C++11 Shared Pointers

If you have gotten your hands dirty with the new features in C++11 you know that it allows you to program differently than you used to. In addition to type inference through auto and for each loops, we now have a standard smart pointer called std::shared_ptr.

If you don’t know how smart pointers work, well, they basically wrap a pointer and a reference counter, so that the object pointed to can be destroyed when there are no more references to it. This will emulate how references work in a garbage collected language like javascript.

std::shared_ptr makes it much less necessary to use new or delete. You can almost always create objects on the stack and pass by value without many of the problems and penalties you used to have.

The normal way to use a shared_ptr is like this;

struct Bitmap {
    Bitmap(int w, int h) : w(w), h(h), pixels(w*h) {}
    int w;
    int h;
    vector<uint8_t> pixels;
};

shared_ptr<Bitmap> bitmap(new Bitmap(100,100);

or preferrably, you can use type inference and the more effecient make_shared<T>() instead, since it can create the Bitmap and the shared_ptr with only one allocation.

auto bitmap = make_shared<Bitmap>(100,100);

Hiding the shared_ptr

Now you can use your bitmap variable like a normal pointer, but you dont have to delete it. When it goes out of scope, the shared_ptr destructor will be called and it will delete the object.

But if you are designing an API say, and you want to spare your users from these details, you can hide the reference counting shared_ptr like this:

struct Bitmap {
    struct InternalBitmap {
        InternalBitmap(int w, int h) : w(w), h(h), pixels(w*h) {}
        int w;
        int h;
        vector<uint8_t> pixels;
    };

    Bitmap(int w, int h) : internalBitmap(make_shared<InternalBitmap>(w, h)) {
    }

    T& operator[](const int &i) { 
        return (*internalBitmap->pixels)[i];
    }
    int width() const { return internalBitmap->w; }
    int height() const { return internalBitmap->h; }

    shared_ptr<InternalBitmap> internalBitmap;
};

Now your Bitmap will create an InternalBitmap on construction, and delete it on destruction. The outer Bitmap contains only the shared_ptr, so it’s small enough to pass around by value without any noticable loss in performance.

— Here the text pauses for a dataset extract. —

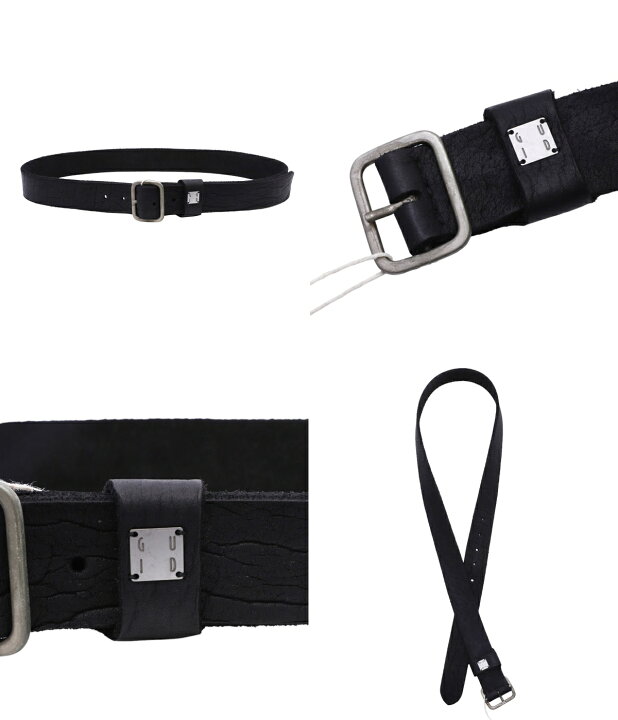 楽天市場】GUIDI : LEATHER BELT WITH BUCKLE BISON FULL GRAIN 
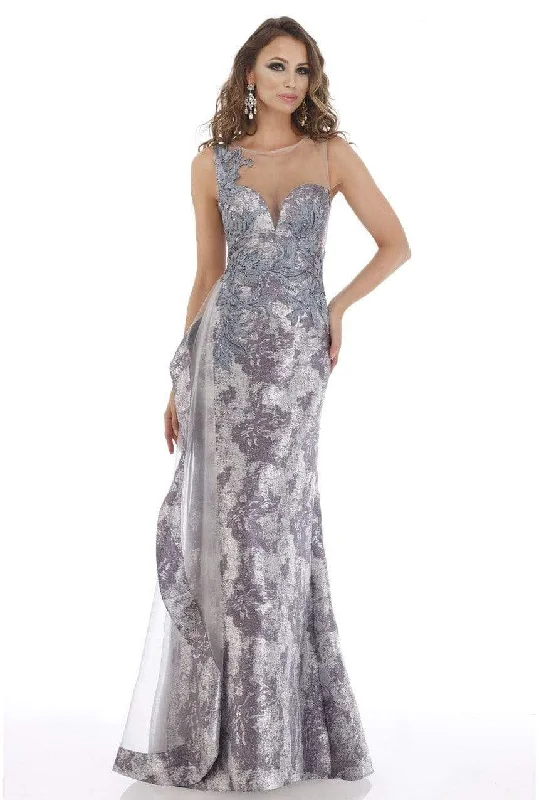 women's lightweight dressesFeriani Couture - 18904 Illusion Plunging Neck Mermaid Evening Gown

And so you can now treat your object like javascript; pass it around by value and all places that store it will share the same bitmap – and when the last reference goes away it will be destroyed, just like in a garbage collected language.

If you don’t need the enitre class to be shared, you can accomplish this in a simpler way;

struct Bitmap {
    Bitmap(int w, int h) :
        w(w), h(h), pixels(make_shared<vector<uint8_t>>(w*h)) {
    }

    T& operator[](const int &i) { 
        return (*pixels)[i];
    }

    int w;
    int h;
    shared_ptr<vector<uint8_t>> pixels;
};

This is how I usually do it; keep simple data members as is, since copying them is not normally a performance problem, and wrap all your containers in a shared_ptr. This is also how it works in languages like python – top level members gets copied, but anything referenced gets shared.

Library programming and Emscripten

I mentioned designing APIs; this is because I have been using these techniques in a graphics library I am developing. The idea was that it would make the library easy enough to use for beginners. It is kind of inspired by my experiences programming 8-bit computers as a kid.

This is how a (complete) simple program may look like:

#include <grappix/grappix.h>

int main() {

    screen.open();

    int x = 0;
    Font font("data/ObelixPro.ttf", 18);
    Bitmap logo = load_png("data/logo.png");
    Texture tex(logo);

    while(screen.is_open()) {
        screen.clear();
        screen.circle(x += 4, 200, 180, 0xff0000ff);
        screen.draw(tex);
        screen.text(font, "Circle", screen.width()-120, screen.height()-50);
        screen.flip();
    };
    return 0;
}

Hopefully this is pretty straight forward. Bitmaps are just big arrays of pixels, while Textures are OpenGL textures, represented by a texture ID. Fonts also become textures on creation (allthough they use distance fields by default).

Then came the day when I discovered emscripten. If you haven’t heard of it; it’s a LLVM based compiler that compiles C/C++ code into javascript for the web. And it works!

So naturally I ported my library to emscripten. But there is a problem getting the code above to work in javascript. Can you spot it?

If you answered “You can’t have an ongoing render loop like that, since javascript is single threaded and event driven”, you are right. Emscripten requires you to pass a function pointer to be excuted to render each frame of graphics, and will not do anything until main() has ended.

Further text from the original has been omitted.